Task to carry out:
Please return the listing below exactly, without any of its pictures.

Provided material:

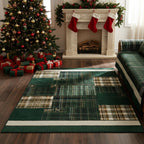 Green Tartan rug – green tartan
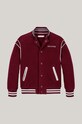 Παιδική μπλούζα Tommy Hilfiger KS0KS00603.9BYH. μπορντό AW24
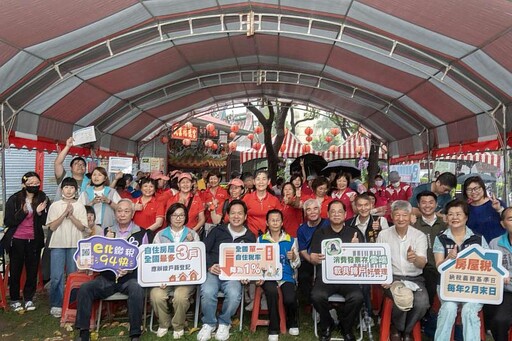 竹市健身球舞藝展演租稅宣導活動 邱臣遠代理市長提醒房屋稅自住及出租房屋申報6/2截止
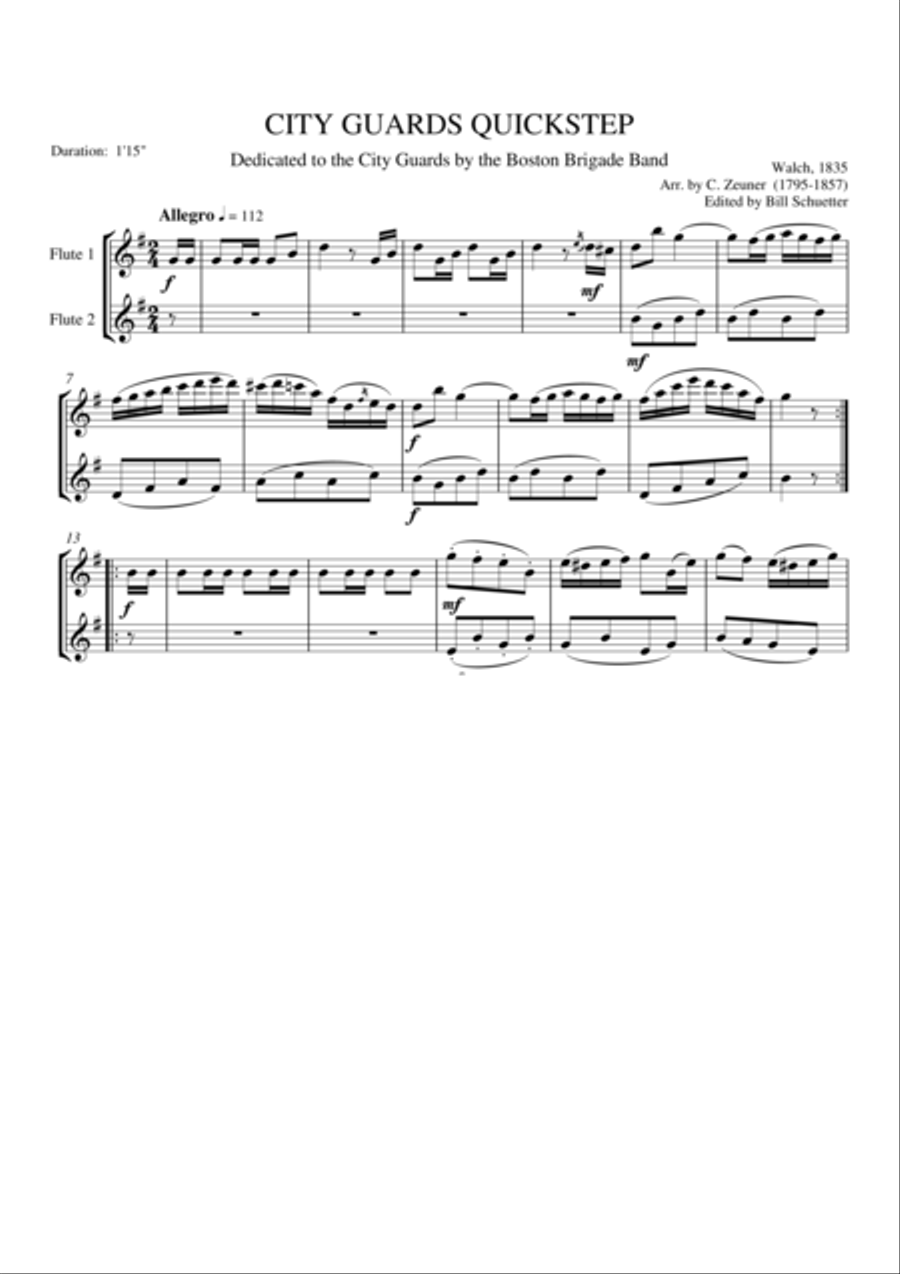 City Guards Quickstep Flute Duet scores gallery preview page 2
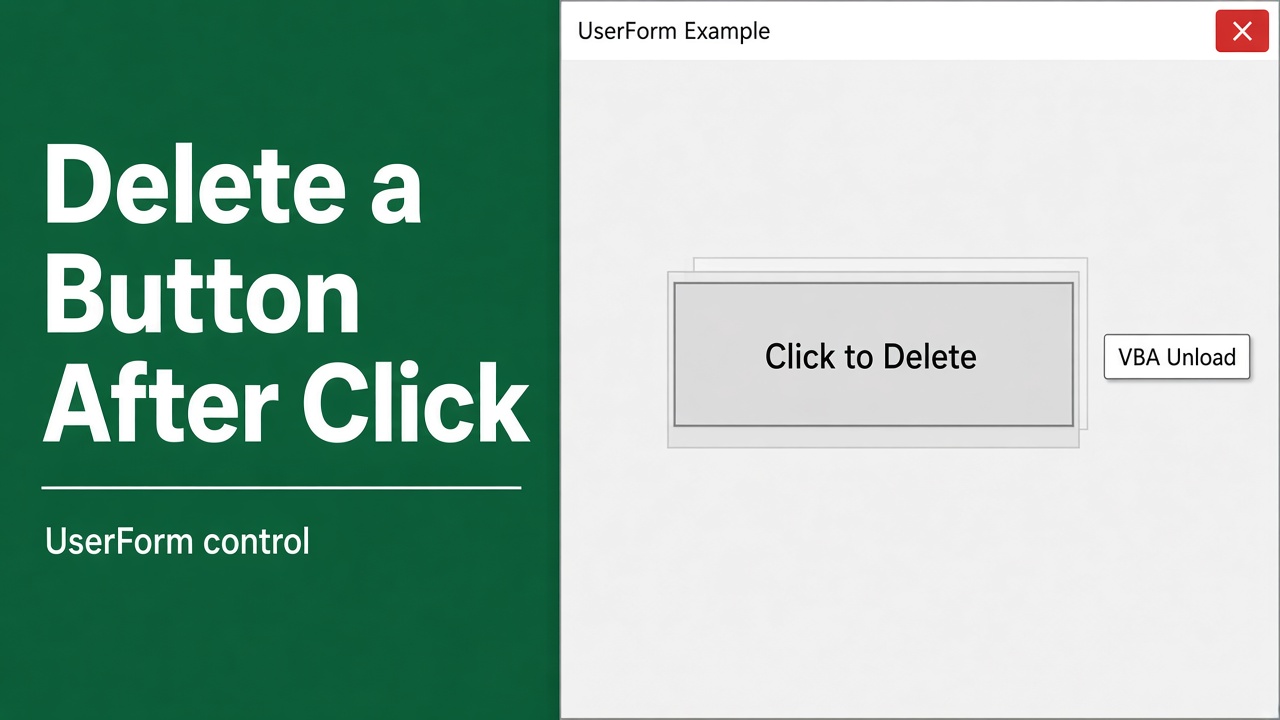 Delete Buttons After Click in Excel VBA UserForms featured image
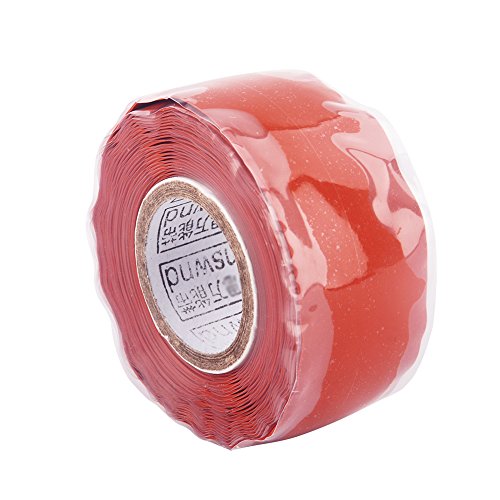 Walfront Self Fusing Silicone Tape Waterproof for Plumbing Hose Repair Electrical Insulation and Pipe Sealing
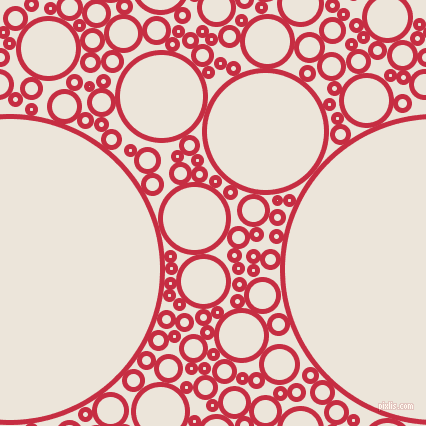 bubbles, circles, sponge, big, medium, small, 5 pixel line width, Brick Red and Soapstone circles bubbles sponge soap seamless tileable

Reply:
 Green Tartan rug – green tartan
 Παιδική μπλούζα Tommy Hilfiger KS0KS00603.9BYH. μπορντό AW24
 竹市健身球舞藝展演租稅宣導活動 邱臣遠代理市長提醒房屋稅自住及出租房屋申報6/2截止
 City Guards Quickstep Flute Duet scores gallery preview page 2
 Delete Buttons After Click in Excel VBA UserForms featured image
 Walfront Self Fusing Silicone Tape Waterproof for Plumbing Hose Repair Electrical Insulation and Pipe Sealing
 bubbles, circles, sponge, big, medium, small, 5 pixel line width, Brick Red and Soapstone circles bubbles sponge soap seamless tileable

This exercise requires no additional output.